The charge was echoed by the chief of Moscow's Communist Party, Boris Yeltsin, who told the annual congress of the tiny West German Communist Party in Hamburg that "the bourgeois press is constantly producing horror stories about the accident . . . and it is all in order to turn the spiral of anti-Soviet hysteria."

Britain today recorded its first traces of radiation from Chernobyl. Richard Southwood, a member of Britain's National Radiological Protection Board, said that "material which certainly came from the Russian reactor" was detected this morning in southeastern England and "showed very low levels" of radioactivity, about double the normally low background radiation present.

In Romania, "radiation levels much over normal limits" were reported by state media, and Romanians were warned to keep children indoors, to drink only bottled or city water and to wash all fruits and vegetables.

Yugoslavs also received official warnings against eating fresh vegetables and staying outdoors for long periods after radiation levels more than eight times the normal level were recorded in Belgrade.

Belgium and the Netherlands reported slight increases in atmospheric radioactivity today, but the levels were smaller than in West Germany and Austria and decidedly less than in Poland, Romania and other countries bordering the Soviet Union.

The absence of detailed information from Moscow provoked further criticism about Soviet secrecy today from Western European governments and health agencies. They contended that lack of Soviet cooperation was hampering their ability to tailor their precautions to the actual radioactive hazards.

The World Health Organization, in a report issued in Copenhagen, declared that "no concrete information has been provided by the source country for the guidance of other countries."

Dr. Mostafa Tolba, the head of the U.N. Environment Program, said in Geneva that he was concerned by the Soviet failure to cite the levels and nature of the radiation originally released in the accident and whether the emissions were still continuing.

A Bonn government spokesman, Norbert Schaefer, said the decision to scrutinize all food from Eastern Bloc countries for radiation contamination was taken "because the Soviet Union is still not prepared to provide comprehensive information about the type and extent of the accident."

Asked why the Soviet government was taking so long to provide exact descriptions of the accident, Moscow's ambassador to Bonn, Yuli Kvitsinsky, told West German newspapers that "the cause of the accident must first be examined precisely before we inform anyone."

West German Interior Minister Friedrich Zimmermann told the mass circulation daily Bild that Soviet reluctance to give a full accounting of the nuclear accident "had opened the floodgates to speculation."

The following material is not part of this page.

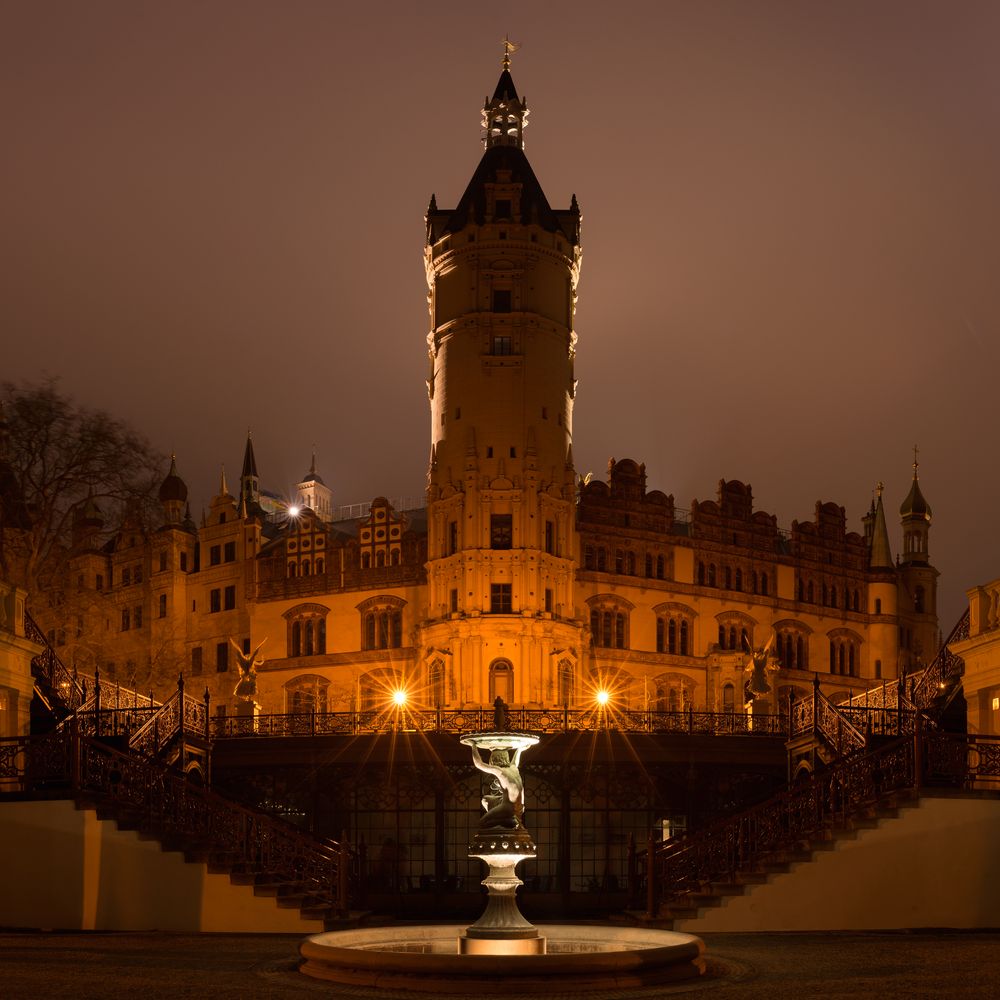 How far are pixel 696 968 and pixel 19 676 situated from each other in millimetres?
15676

The Bonn government and the International Atomic Energy Agency in Vienna have repeatedly implored the Soviet Union to allow an international team of experts to visit the Chernobyl plant. IAEA officials said the agency has an emergency team of technicians standing by to assist the Soviets in coping with the disaster as soon as permission is granted to enter the country.

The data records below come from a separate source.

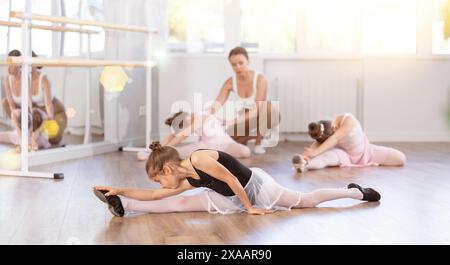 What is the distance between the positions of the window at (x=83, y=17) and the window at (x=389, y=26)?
7.69ft

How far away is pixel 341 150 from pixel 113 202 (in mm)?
2138

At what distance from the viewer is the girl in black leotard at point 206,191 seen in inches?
115

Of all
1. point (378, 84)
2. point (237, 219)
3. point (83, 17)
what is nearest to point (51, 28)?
point (83, 17)

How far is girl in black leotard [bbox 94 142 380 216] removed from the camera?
293 centimetres

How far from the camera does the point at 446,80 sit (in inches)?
262

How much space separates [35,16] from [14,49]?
34 centimetres

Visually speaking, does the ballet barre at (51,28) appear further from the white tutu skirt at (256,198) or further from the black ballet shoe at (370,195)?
the black ballet shoe at (370,195)

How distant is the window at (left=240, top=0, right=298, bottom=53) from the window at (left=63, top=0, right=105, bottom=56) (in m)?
1.50

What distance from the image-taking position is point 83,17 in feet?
17.5

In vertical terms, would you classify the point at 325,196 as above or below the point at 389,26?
below

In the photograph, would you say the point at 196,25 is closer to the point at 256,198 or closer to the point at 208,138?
the point at 208,138

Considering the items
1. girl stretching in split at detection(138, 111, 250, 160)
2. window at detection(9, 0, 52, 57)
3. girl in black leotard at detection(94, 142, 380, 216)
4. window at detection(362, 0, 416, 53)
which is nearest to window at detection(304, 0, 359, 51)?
window at detection(362, 0, 416, 53)

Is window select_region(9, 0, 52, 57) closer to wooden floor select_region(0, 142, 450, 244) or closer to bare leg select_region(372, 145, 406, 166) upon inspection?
wooden floor select_region(0, 142, 450, 244) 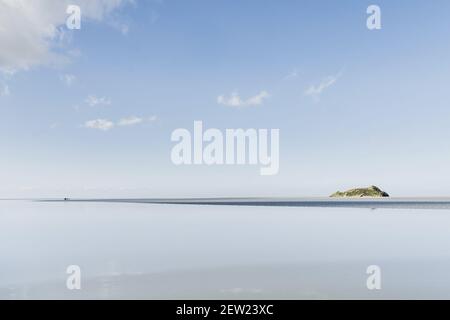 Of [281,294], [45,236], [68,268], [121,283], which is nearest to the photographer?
[281,294]

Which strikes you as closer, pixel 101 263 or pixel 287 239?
pixel 101 263

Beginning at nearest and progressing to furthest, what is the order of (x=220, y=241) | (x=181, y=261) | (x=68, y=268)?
(x=68, y=268) → (x=181, y=261) → (x=220, y=241)

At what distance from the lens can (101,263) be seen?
1689cm

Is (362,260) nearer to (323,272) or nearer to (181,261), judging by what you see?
(323,272)

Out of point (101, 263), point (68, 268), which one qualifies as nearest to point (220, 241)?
point (101, 263)

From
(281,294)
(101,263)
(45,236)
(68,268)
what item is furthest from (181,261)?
(45,236)

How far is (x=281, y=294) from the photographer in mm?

Besides obligatory tests on food imported from Eastern Europe, the Bonn government has ordered checks for radiation on aircraft, automobiles and travelers entering West Germany. The Interior Ministry reported that so far 141 vehicles showed abnormal levels of radioactivity and 27 required decontamination.

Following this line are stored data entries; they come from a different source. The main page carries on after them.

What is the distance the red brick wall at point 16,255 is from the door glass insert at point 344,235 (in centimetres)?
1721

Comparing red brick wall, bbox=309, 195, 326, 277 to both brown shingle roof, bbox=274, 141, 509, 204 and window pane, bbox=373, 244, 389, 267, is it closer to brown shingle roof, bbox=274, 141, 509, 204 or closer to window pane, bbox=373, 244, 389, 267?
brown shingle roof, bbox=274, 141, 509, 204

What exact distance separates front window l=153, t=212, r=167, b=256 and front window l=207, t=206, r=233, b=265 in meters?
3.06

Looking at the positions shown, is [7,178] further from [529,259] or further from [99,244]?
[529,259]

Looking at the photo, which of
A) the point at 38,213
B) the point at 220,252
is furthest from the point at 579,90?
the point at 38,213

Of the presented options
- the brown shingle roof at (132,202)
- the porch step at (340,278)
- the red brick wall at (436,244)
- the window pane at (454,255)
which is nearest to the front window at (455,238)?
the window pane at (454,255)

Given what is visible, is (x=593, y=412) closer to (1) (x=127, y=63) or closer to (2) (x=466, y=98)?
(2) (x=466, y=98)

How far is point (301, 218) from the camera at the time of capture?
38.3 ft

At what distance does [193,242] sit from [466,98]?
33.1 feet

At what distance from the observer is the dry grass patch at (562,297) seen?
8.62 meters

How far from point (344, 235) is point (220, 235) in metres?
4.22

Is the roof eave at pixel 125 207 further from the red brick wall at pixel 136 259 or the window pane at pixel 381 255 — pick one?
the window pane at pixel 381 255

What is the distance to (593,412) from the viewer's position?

Erich Oberhausen, chairman of a West German radiation protection board, recommended that milk from areas that registered high levels of radiation should be stored and released only if iodine concentrations subside to safe levels within eight days. Tests on milk produced in Bavaria showed levels of iodine 131, which is damaging to the thyroid, were double the maximum acceptable limits set by health authorities.

Oberhausen told a press conference here that while the levels of radiation posed no immediate danger to Western Europeans, "even the smallest increase in radioactivity can increase the risk of cancer."

The five southernmost states in West Germany have shown signs of higher than normal radiation in recent days. But shifting wind patterns appear to be raising levels in the north as well.